19. yüzyıl ve sonrasında, Afrika kıtası, Etiopya ve Liberya dışında, Avrupalı emperyalist ülkelerin sömürü alanı olmuştu. Bu gün Afrika ülkelerinin çoğu, Ortadoğu ülkelerinden daha demokratik ülke statüsündedir. 10 yıl öncesine kadar, dünyada demokratikleşme artmaya devam etti.
Merkezi ABD’ de bulunan Freedom House, (Dünya Özgürlükler Evi) her sene bütün ülkelerde insan hakları ve demokratik özgürlükler alanında, ayrıca basın özgürlüğü konusunda, anketler yapmakta ve bu anketleri endeks olarak yayınlamaktadır.

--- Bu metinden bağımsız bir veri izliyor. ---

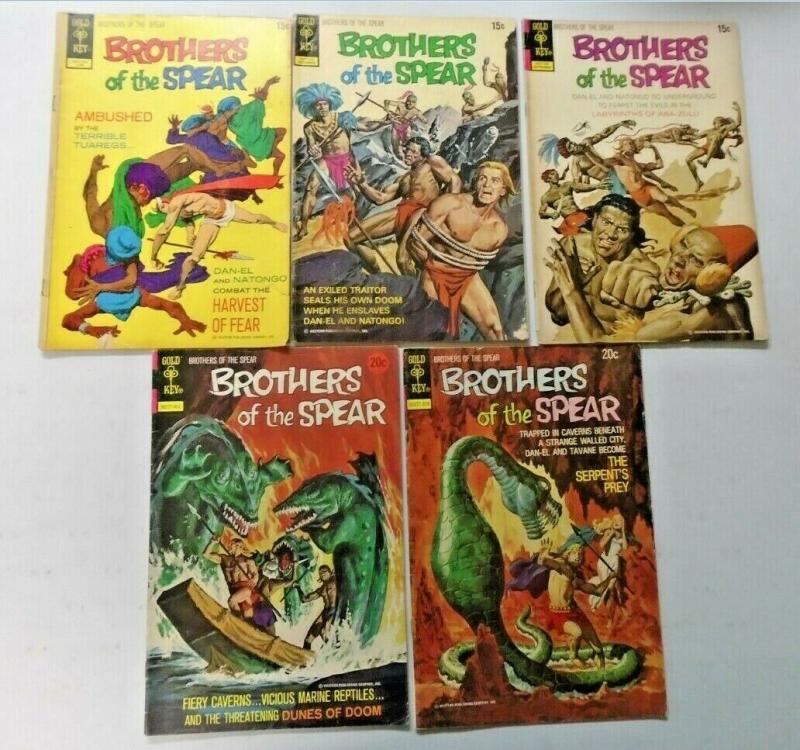 Brothers of the Spear lot 9 different books 4.0 VG (1972)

Anket sonucuna göre ülkeler, özgür, yarı özgür ve Özgür olmayan ülkeler statüsüne ayrılmaktadır. Bu endekslere göre Dünyada 1985 yılı ile 2005 yılları arasında özgür ülke sayısı artarak, 25’ten 38’e yükselmiştir. Ne var ki 2005 yılından sonra tersine özgür ülke sayısı azalmaya başlamıştır. 2005 yılında 38 olan özgür ülke sayısı 2015 yılında 31’e gerilemiştir. (Aşağıdaki tablo )
Dünya özgürlük trendi (yüzde)
Yıl Özgür Kısmen özgür Özgür değil
1985 25 20 55
1995 34 34 32
2005 38 28 34
2015 31 36 33
Kaynak: (Freedom Hause 2016 Raporu)
Neden böyle oldu sorusuna gelince… Önce Küreselleşme süreci ülkeler arası iletişimi de artırdı. İnsanlar demokratik ülkelere bakarak daha çok demokrasi talep etmeye başladılar. Bu süreçte demokratik ülke sayısı arttı. Ancak aynı zamanda spekülatif sermaye tekeli, cari açık yoluyla, faiz ve kar transferi yoluyla bazı ülkelerden kaynak çıkışana yol açtı ve zengin-fakir ülke farkı açıldı. Zengin-fakir farkının açılması, dikta rejimlerini de besledi. Çünkü geçim derdine düşen insanlar, siyasi istismarlara ve vaadlere daha kolay inandı.
İnsan hakları ve demokratik özgürlükler konusunda dünyanın gerilemesinin bir ikinci nedeni, ABD ve Rusya’nın emperyalist hedefleridir. Söz gelimi ABD insan hakları ve demokratikleşme için değil, petrol hegemonyası kurmak için Arap baharı dedi ve Ortadoğu bataklığı yarattı.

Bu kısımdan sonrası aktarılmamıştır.